Best advice I could give a young couple is this: don’t sweat the small stuff, but don’t ignore it either.
John has a tendency to leave the dishes in the sink after he eats. Once in a while he’ll get as far as putting the dishes in the dishwasher (right under the sink) but often when Leah comes into the kitchen there are a few dishes lying in wait for her arrival. It drives her crazy, but she doesn’t say anything. She just clenches her teeth and swallows her frustration, puts on a smile, and thinks, “it’s not a big deal,” and puts the dishes in the dishwasher.
Leah doesn’t realize it, but her silence can harm her relationship with John. Avoiding the conversation, grinning and bearing these little frustrations only serve to compound them. Instead of settling the issue by talking it out, Leah thinks to herself, “he knows this drives me crazy” and then tries to make it less aggravating by just trying to let it go herself. The problem? She isn’t actually letting things go. She continues to remember, to see every instance as another instance of John showing a lack of consideration.
John, on the other hand, is quietly sitting on the computer working on a big project that’s got his mind going in five different directions. Before they were together, John had the habit of doing all the dishes at once, later in the day, and doesn’t see the problem letting the dishes collect in the sink until he gets to them later. When Leah gets home, he thinks she is stressing herself out trying to keep everything tidy the second she comes home. He watches her put the dish in the dishwasher, sighs and thinks, “Damn, I’ve done it again.” He sees her smile and he smiles back. Nothing is said, and nothing changes.

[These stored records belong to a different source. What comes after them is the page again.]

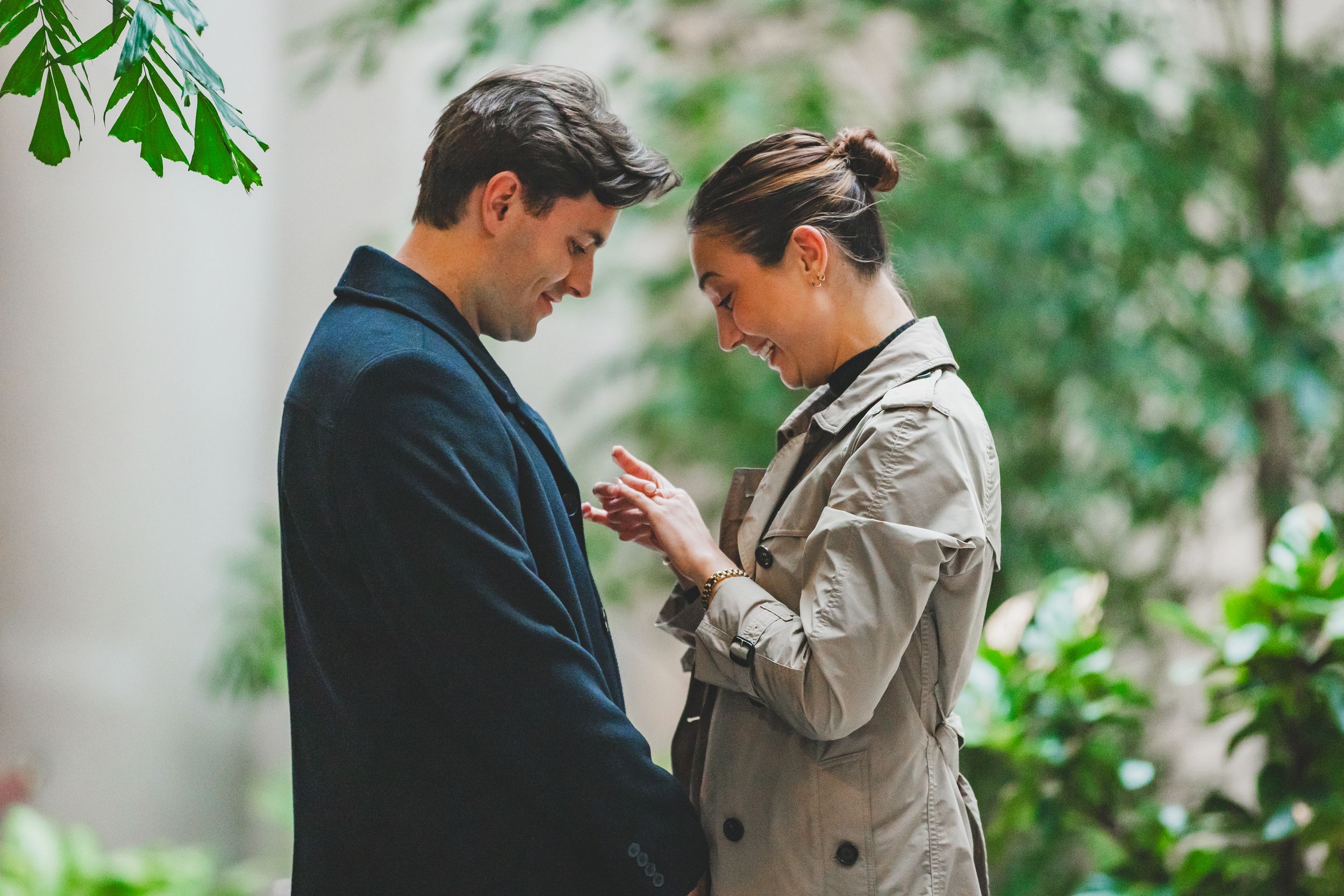 A couple shares an intimate moment at the garden of National Gallery of Art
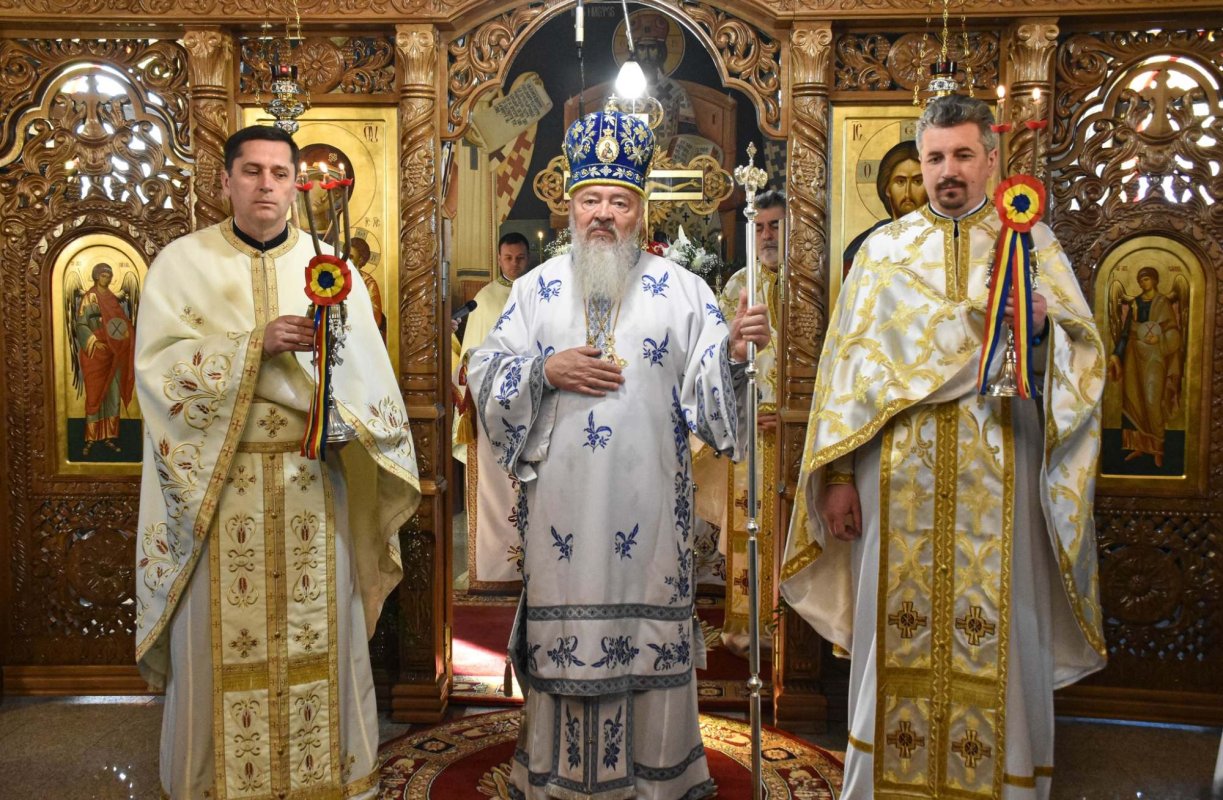 Sfințirea ansamblului parohial din cartierul clujean Borhanci 248377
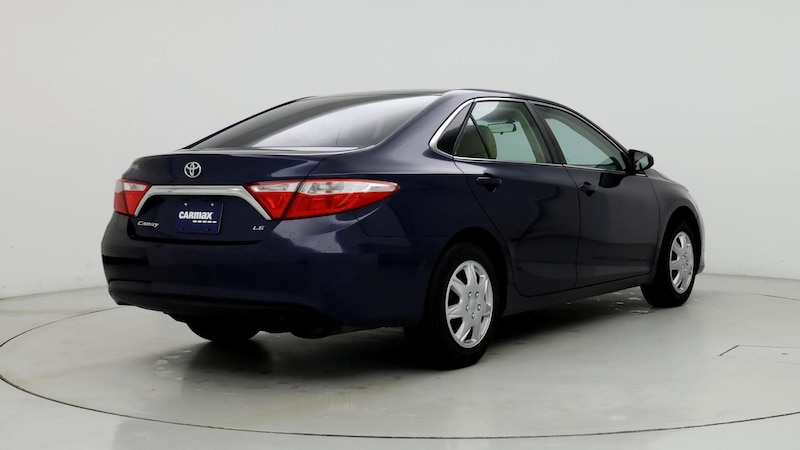 2015 Toyota Camry LE 8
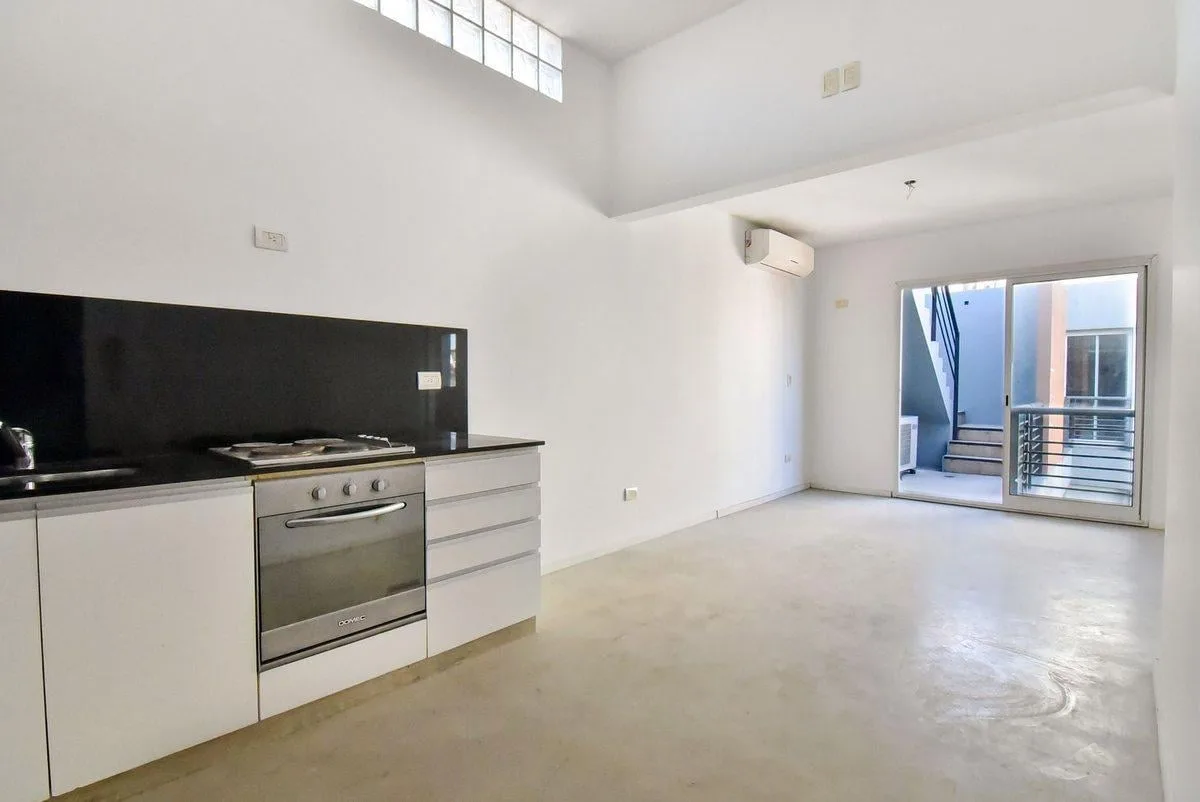 Kitnet com terraço privativo em Palermo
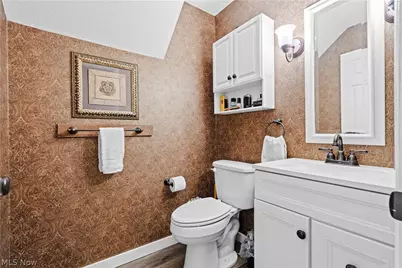755 Bedford Avenue, Elyria, OH 44035 - Photo 41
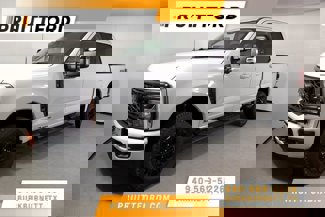 New 2025 Ford F250 4x4 Crew Cab Super Duty image 1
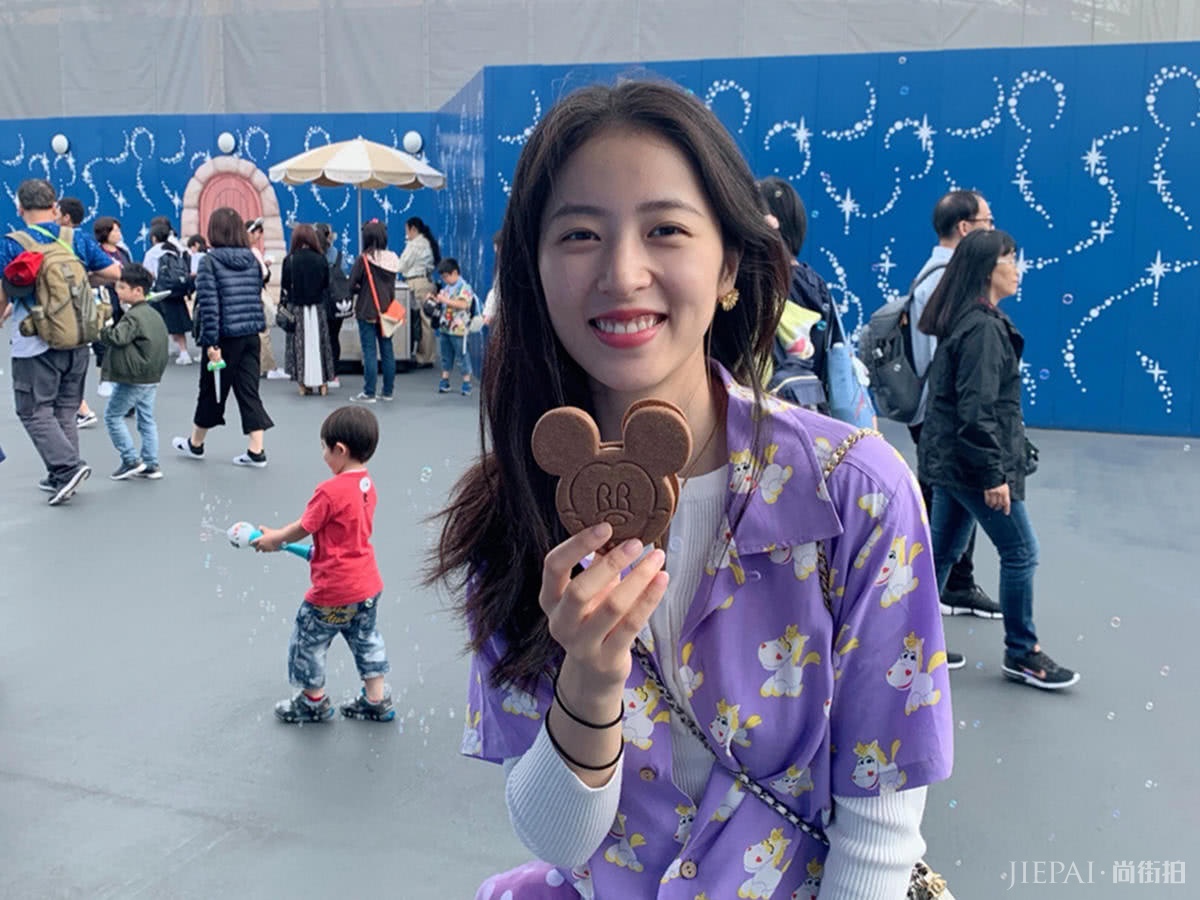 周雨彤晒游玩私服，叠穿紫色衬衫太美丽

Pretty soon Leah starts thinking of herself as John’s personal maid and John thinks that it’s not a big deal, until they start bickering. She starts banging things in the kitchen thinking she will get him to see how upset she is, and he starts mumbling under his breath that she’s making something out of nothing. Fine. It’s all fine. Except it’s not.
We often overlook things that we think are insignificant, glossing over the little faults that really bother us, and then all of a sudden, the smallest thing can be the final straw which starts a fight that never needed to happen.
This could have been avoided if they took this simple advice, “Don’t sweat the small stuff, but don’t ignore it either.” If they could both see that the dishes, the simple household chores, the little things that in the run of the day events are really quite small, they might have said something and changed the whole dynamic. When you realize that it isn’t a big deal, can talk about the little things like they are small matters (which they are in the beginning) then you can change, become more attentive, and learn to negotiate for the things that are bigger and more important later on.
If a couple can’t talk about the small stuff, they won’t be able to talk about the big stuff. Resentment, frustration, anger, passive-aggressive comments, all serve to make communication more difficult, and when these emotions are built on the small things like household chores, the couple will never be able to work out the things that really test your commitment to each other.
One more point: give yourself a time to talk about the little things. Some couples have “meetings” where they discuss things of import. While it might seem a little formal, and overdone, it isn’t a bad idea. Sometimes when we set time aside to talk about something, it carries more weight than a passing comment between tasks. Don’t dwell, don’t make everything like it’s a make it or break it moment, but don’t gloss over these little “corrections” either
Don’t sweat the small stuff, but don’t ignore it either.